Sunday, February 3, 2008

A Pediatric Recap

It's odd. Pediatrics was by far my best clinical experience but I wrote very little about it.

Due to a Monday snow delay, I only spent two days on the hospital floor. I did, however, get to spend a day in the pediatric hematology/oncology outpatient clinic, which provided me the chance to do lots of observing, ask questions, and entertain younger siblings while an older child got their chemotherapy treatment. It also provided what was perhaps one of my most profound pediatric experiences, when a four year old boy rattled off the names of each of his chemotherapy treatments to me -- this was shortly after he and I talked about the joys of a peanut butter, jelly, and banana sandwiches. I felt like someone punched me in the stomach.
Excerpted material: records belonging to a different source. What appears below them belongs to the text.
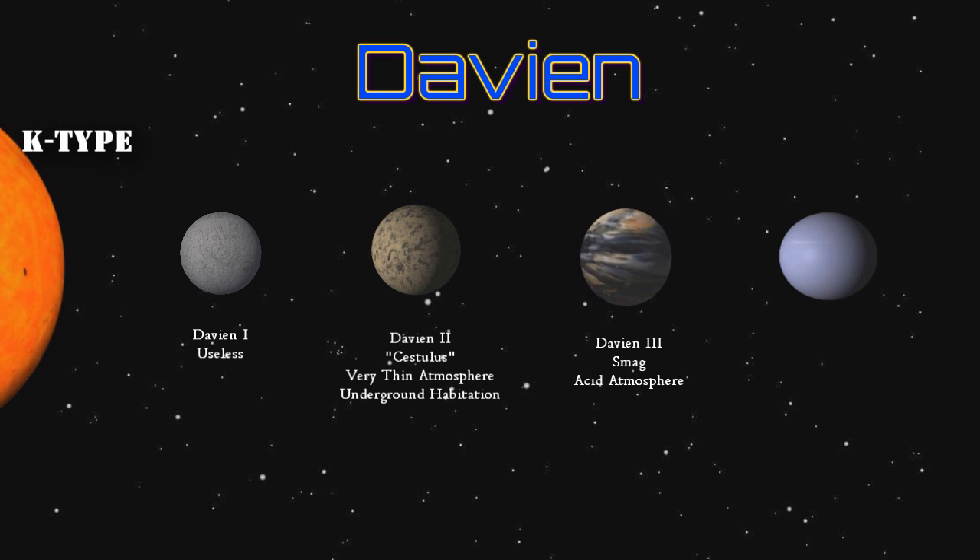Davian 3 is a smog planet with an acid-based atmosphere, with no apparent resources worth the risk of establishing a protective enclosure colony. The planet remains uninhabited. Rumors persist that Davian 3 is a dumping ground for troublemakers and others who find themselves on the wrong side of the region's organized criminal syndicates. The planet's pools of acid will quickly render any body, spacecraft, or most anything else unrecognizable.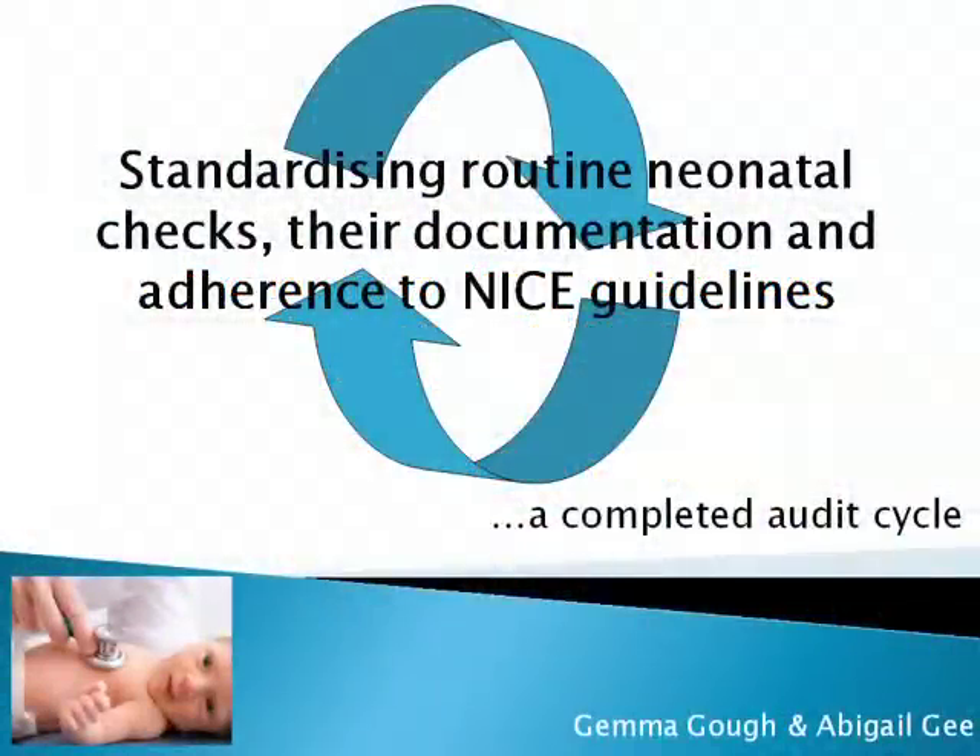Standardizing routine neonatal checks, their documentation and adherence to NICE guidelines: a completed audit cycle by Dr. Abigail G, Core Medical Trainee at BRI in Bristol, and Gemma Goff, ST1 in Paediatrics at the RUH in Bath.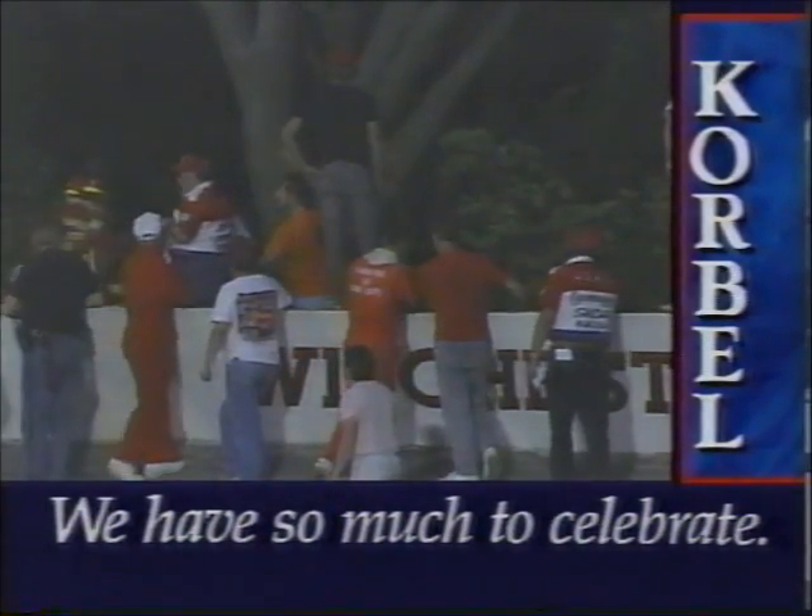We heard some applause from the grandstand below, which obviously is a good sign. Some announcement had been made that he was talking, and apparently, once again, these cars are built — we don't like to see that kind of abuse, but the cars are built to take that type of abuse.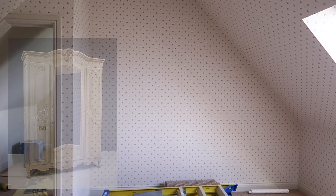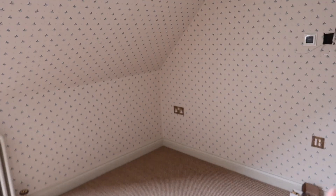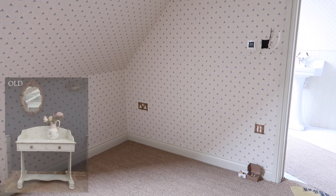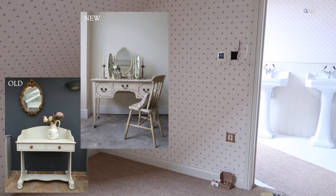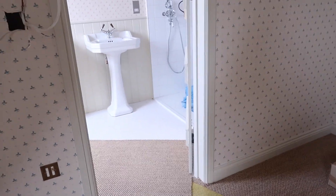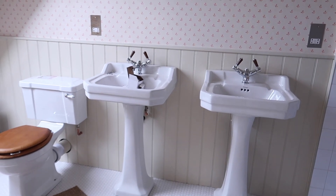The wardrobe will go in this corner and is due to be built next week. My dressing table will go here — I ended up changing my dressing table, so I'm sending the one I bought back. Even though it was gorgeous, once I saw the finished room I just didn't think it would fit in with this room. Into the bathroom — I'm so excited to show you!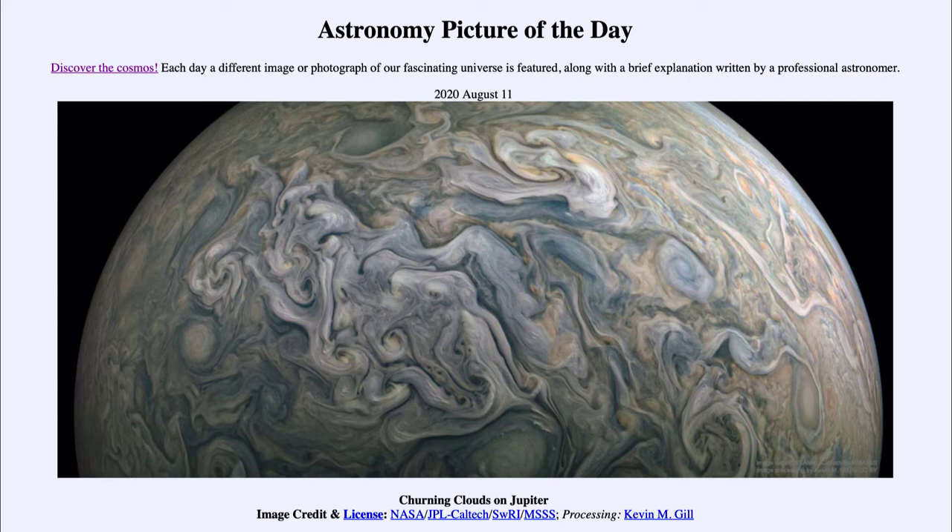This is an image of part of the planet Jupiter as seen by the Juno spacecraft. The Juno spacecraft is currently orbiting around Jupiter in what we call a polar orbit. So instead of orbiting around the equatorial regions, it is going up and over the poles. It also comes in very close to Jupiter and then goes out very far, so it is in a highly elliptical orbit.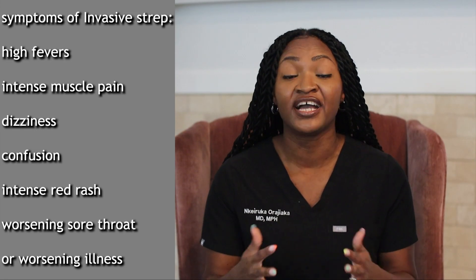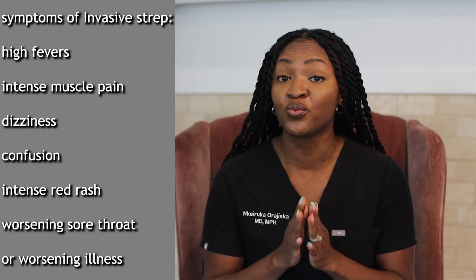A more serious type of strep is what we call invasive strep, which is when strep goes into the bloodstream and makes your child really sick. It is different from and not as common as strep throat, but I always want you to keep an eye out — if your child is getting sicker and you're concerned, invasive strep is one we're usually worried about and we want kids checked out immediately.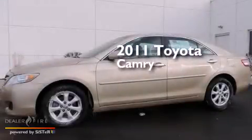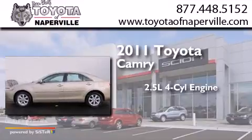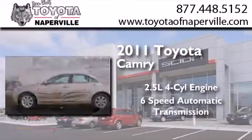This is a 2011 Toyota Camry. It features a 2.5-liter four-cylinder engine and a six-speed automatic transmission.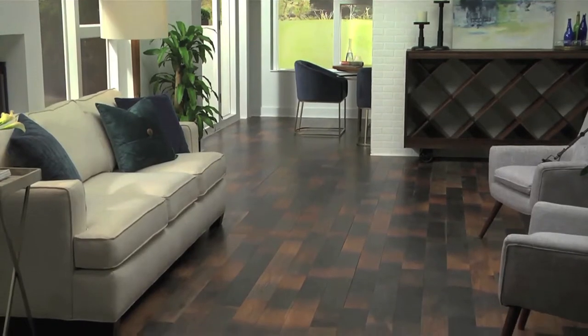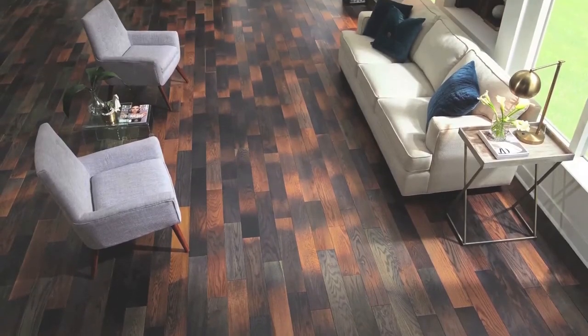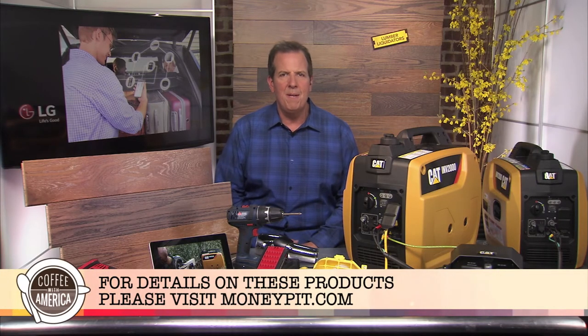Tribeca Oak from Lumber Liquidators' Bella Wood collection uses reactive staining to enhance the natural tannins and bring out rich tones in the hardwood. This beautiful finish is perfect for flooring, but it can also be used for accent walls for a designer touch. For these products and more, visit MoneyPit.com.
My days on the floor were wonderful. I shadowed great nurses (some of them PLU graduates!), and performed lots of assessments on a wide variety of patients. My first day we had an adolescent under observation during her recovery from a suicide attempt, a toddler recovering from a sickle cell crisis, and an infant recovering from several complications from surgery to repair a congenital heart defect.

I spent most of my time with the baby even though I couldn't hold her. I helped the occupational therapist during her assessment, and watched the baby's PICC line get removed. I also had the chance to take out the toddler's IV prior to his discharge. That kiddo had a pretty mean right hook. :)

My second day on the floor was a little slower. I took on the care of a school-aged child with asthma. I performed his assessments, and gave his medications. I also had the chance to help another nurse on the floor with a difficult patient. He was a fussy infant experiencing withdrawal symptoms while being weaned from narcotics. It took me and a nurse tech to calm him down, and then I held him for an hour. The unit secretary came in the room to tell me how sweet it was to see him calm and letting someone hold him. He'd been inconsolable the day before.

And there were so many more wonderful experiences! If there's anything I've learned in pediatrics, it's that I don't like seeing sick kids -- but I do love taking care of them.

Labor and delivery has some serious competition.

1 comment:

zandra said...

Hooray!!! Go Peds!!! Lol, I'm like the Pediatrics Cheerleader.

Although, I must say, I really loved working with the nurse midwives down in Stockton, and hope to have similar women delivering my babies someday. I think you'd make such an amazing nurse midwife! You get to hold babies in that job too. :)

I'm like the little engine that could -- nursing school style.